# P3wned in Thunder Bay ~~!!~~



## searchin4signal (Sep 23, 2006)

Went out for coffee last night with Lenbone and JSD from JSD GuitarShack and ended up back at Lenbone's place playing thru his 70's Fender Strat and his '79 Fender 75 (Rivera codesigned amp)...one asskickin' tone rig !!
I got taken back to school by ol' Lenny (Senior Blues) and tutored all the way by JSD (This man SHREDS !!)
I wasn't ready .... but I fired up the woodstove in my shed.... :rockon2: 

Lookin' forward for another coffee (or brews !) night out with you two !! :food-smiley-004: 

S4S


----------



## JSD's Guitar Shack (Feb 24, 2006)

I think if anyone was giving lessons last night it was you dude, you can play circles around me...:bow: 

I'm pretty rusty but you guys have given me some new mojo to jump back in so I don't get spanked again next time. :rockon2: 

We'll definatly have to get together again, this time we'll all bring our own weapons of mass destruction and see what kind of noise we can all make at the same time.
:rockon: :food-smiley-004:


----------



## SCREEM (Feb 2, 2006)

sounds like you guys had a blast:food-smiley-004:


----------



## lenbone (May 12, 2006)

*jammin*

Oh yeah !! it was a Blast !! I ca'nt wait to jam again ! And yes,,Pete can pick circles around me allright.I should maybe take some lessons !!--Da Bone.


----------



## GuitarsCanada (Dec 30, 2005)

Sounds like some hot jammin' there boys. Wind it up. :rockon2:


----------



## lenbone (May 12, 2006)

*Jammin*

Yeah,,if it were'nt for this forum I would never have hooked up with these fine guitarists.It was a good time had by all !


----------



## lenbone (May 12, 2006)

*Jami'n mon!*

I'm Jones'n to have a Jam with a few more instruments !! wuduya think guys ? I've got a place ,and a Drummer,Bass,warm secure spot to relax and Rock for at least 3 hours.The City By-Law is "No noise after 11:00 PM." But we usually get away with playing alot later than 11:00.


----------



## JSD's Guitar Shack (Feb 24, 2006)

lenbone said:


> Yeah,,if it were'nt for this forum I would never have hooked up with these fine guitarists.It was a good time had by all !

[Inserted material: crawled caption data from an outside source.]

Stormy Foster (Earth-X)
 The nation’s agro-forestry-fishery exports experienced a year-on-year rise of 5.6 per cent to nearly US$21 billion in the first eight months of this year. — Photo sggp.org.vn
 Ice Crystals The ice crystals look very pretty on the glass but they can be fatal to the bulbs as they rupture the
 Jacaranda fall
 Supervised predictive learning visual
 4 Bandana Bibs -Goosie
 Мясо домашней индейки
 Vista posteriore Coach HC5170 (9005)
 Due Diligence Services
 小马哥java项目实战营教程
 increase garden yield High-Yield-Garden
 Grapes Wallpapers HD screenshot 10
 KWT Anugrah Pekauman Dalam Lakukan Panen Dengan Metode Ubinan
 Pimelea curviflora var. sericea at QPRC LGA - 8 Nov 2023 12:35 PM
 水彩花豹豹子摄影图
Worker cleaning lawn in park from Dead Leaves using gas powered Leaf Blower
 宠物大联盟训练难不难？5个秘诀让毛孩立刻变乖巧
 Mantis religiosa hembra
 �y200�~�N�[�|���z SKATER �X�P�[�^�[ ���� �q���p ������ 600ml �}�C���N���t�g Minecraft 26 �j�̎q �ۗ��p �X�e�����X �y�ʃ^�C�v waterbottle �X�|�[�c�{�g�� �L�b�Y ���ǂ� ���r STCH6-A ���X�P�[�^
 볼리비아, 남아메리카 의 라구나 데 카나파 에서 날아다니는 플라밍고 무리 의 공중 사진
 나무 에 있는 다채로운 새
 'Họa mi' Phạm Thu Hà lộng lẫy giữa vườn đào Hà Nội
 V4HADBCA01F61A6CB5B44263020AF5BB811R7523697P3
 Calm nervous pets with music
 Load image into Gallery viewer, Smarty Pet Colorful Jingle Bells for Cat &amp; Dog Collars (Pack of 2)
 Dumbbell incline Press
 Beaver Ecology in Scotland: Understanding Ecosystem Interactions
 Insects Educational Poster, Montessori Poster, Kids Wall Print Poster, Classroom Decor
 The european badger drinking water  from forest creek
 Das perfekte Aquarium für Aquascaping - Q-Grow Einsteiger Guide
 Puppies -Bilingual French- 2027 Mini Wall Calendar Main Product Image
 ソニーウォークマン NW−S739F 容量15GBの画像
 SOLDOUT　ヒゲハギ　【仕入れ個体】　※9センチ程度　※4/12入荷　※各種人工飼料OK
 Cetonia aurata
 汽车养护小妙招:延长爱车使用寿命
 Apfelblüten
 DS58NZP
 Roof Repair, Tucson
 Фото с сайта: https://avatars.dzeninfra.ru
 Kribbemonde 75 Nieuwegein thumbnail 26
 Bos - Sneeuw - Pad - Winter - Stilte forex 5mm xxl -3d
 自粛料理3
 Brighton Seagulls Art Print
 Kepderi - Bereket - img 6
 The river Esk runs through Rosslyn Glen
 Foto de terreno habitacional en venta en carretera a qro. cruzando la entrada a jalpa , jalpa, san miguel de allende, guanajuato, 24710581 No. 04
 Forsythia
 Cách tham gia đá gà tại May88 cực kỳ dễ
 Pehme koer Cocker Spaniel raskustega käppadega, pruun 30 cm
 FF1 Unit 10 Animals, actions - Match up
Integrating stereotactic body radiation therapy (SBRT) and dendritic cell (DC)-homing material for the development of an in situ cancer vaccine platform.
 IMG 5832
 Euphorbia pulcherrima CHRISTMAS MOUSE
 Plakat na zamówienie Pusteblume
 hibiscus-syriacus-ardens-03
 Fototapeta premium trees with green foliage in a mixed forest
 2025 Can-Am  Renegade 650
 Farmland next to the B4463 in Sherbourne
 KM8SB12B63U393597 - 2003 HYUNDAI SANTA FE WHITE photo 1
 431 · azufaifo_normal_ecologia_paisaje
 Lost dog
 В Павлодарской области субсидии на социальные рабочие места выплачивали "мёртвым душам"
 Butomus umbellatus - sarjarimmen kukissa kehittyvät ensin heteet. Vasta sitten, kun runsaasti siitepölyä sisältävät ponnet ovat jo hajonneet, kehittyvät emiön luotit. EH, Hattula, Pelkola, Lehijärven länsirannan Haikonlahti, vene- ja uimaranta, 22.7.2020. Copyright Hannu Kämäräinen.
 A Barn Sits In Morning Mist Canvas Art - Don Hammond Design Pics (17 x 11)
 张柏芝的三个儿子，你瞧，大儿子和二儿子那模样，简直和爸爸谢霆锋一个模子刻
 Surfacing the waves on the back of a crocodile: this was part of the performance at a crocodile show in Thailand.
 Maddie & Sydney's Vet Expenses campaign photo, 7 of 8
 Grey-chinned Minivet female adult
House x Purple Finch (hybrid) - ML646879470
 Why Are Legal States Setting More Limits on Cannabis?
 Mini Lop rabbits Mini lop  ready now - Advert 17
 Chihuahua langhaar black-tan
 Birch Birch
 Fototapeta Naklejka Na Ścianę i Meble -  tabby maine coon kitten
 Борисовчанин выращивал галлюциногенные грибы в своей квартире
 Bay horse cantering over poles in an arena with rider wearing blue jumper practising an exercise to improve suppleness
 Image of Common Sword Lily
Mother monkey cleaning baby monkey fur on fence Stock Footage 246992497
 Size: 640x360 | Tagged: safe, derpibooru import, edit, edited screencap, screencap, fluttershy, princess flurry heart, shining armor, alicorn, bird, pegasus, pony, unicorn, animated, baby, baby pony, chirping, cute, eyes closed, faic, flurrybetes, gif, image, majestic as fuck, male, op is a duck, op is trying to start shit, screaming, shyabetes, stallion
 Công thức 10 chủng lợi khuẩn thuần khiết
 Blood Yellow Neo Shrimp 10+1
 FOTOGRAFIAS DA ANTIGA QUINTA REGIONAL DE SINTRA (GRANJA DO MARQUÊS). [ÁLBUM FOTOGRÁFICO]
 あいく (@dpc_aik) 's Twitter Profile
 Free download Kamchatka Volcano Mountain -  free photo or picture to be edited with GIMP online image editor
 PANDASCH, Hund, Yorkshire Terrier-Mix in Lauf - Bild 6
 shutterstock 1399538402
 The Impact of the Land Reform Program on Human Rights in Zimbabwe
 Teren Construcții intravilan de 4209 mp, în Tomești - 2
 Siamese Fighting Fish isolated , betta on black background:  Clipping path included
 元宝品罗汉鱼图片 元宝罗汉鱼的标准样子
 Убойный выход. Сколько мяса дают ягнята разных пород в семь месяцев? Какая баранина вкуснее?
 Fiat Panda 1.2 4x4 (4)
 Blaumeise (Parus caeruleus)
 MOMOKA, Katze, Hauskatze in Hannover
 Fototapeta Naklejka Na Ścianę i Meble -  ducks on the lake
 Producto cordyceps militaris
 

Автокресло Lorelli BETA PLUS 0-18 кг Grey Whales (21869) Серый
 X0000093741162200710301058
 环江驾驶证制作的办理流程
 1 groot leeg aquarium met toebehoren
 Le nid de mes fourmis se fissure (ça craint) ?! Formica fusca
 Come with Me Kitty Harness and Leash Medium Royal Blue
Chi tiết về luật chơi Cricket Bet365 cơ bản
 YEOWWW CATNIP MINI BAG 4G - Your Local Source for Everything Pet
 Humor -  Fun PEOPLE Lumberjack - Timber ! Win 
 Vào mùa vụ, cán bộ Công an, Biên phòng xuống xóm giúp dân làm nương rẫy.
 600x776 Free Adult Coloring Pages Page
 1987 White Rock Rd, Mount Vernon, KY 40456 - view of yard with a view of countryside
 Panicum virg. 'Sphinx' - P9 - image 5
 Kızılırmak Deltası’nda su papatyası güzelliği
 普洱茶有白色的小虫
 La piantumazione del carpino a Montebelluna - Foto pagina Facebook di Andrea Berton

Yeah, pretty cool how that worked out eh.....:food-smiley-004: 

I gotta get back into the swing of things before subjecting anyone else to my playing so I'm content with just pluckin with you doods for a while and then see what happens.


----------



## lenbone (May 12, 2006)

*jammin*



JSD's Guitar Shack said:


> Yeah, pretty cool how that worked out eh.....:food-smiley-004:
> 
> I gotta get back into the swing of things before subjecting anyone else to my playing so I'm content with just pluckin with you doods for a while and then see what happens.


Bring it on dude ! It is a Blast !What about Sat.nite? Let me know..I'm game.--Bone.


----------



## JSD's Guitar Shack (Feb 24, 2006)

I'm tied up this weekend but we'll be talking...:food-smiley-004:


----------



## lenbone (May 12, 2006)

*Jamin*

Okay Kev,,Just gimmie a shout.Maybe if you can get away in the next few days we'll get a hold of Pete and see what happens.--Bone.


----------



## searchin4signal (Sep 23, 2006)

Hey guys .... had my hands full this week ...  
I'm tied up at work until Sunday....then I might be free the next couple of days after ! :food-smiley-004:


----------



## JSD's Guitar Shack (Feb 24, 2006)

Monday or Tuesday night should be good for me if you guys wanna get together..:rockon2:


----------



## searchin4signal (Sep 23, 2006)

searchin4signal said:


> Hey guys .... had my hands full this week ...
> I'm tied up at work until Sunday....then I might be free the next couple of days after ! :food-smiley-004:


or not....called into work to cover a sick co-worker  
ah well........its G.A.S. MONEY !!! :banana: 

I seriously need to sell off a BUNCH of stuff !


----------



## lenbone (May 12, 2006)

*jam*

Just let me know guys...Wed. nite would be good for me,,or Fri. nite??


----------